Material provided:
══════
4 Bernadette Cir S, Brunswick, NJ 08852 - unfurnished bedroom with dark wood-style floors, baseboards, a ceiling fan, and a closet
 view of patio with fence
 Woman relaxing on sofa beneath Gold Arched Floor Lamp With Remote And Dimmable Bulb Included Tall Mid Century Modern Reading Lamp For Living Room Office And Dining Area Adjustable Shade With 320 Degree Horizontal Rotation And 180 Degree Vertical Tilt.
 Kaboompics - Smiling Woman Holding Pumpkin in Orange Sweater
══════
Problem statement: Starting from the line containing "Woman relaxing on" and ending with the final line of the data, reproduce each line exactly as it appears, including no other lines.

Worked solution:
 Woman relaxing on sofa beneath Gold Arched Floor Lamp With Remote And Dimmable Bulb Included Tall Mid Century Modern Reading Lamp For Living Room Office And Dining Area Adjustable Shade With 320 Degree Horizontal Rotation And 180 Degree Vertical Tilt.
 Kaboompics - Smiling Woman Holding Pumpkin in Orange Sweater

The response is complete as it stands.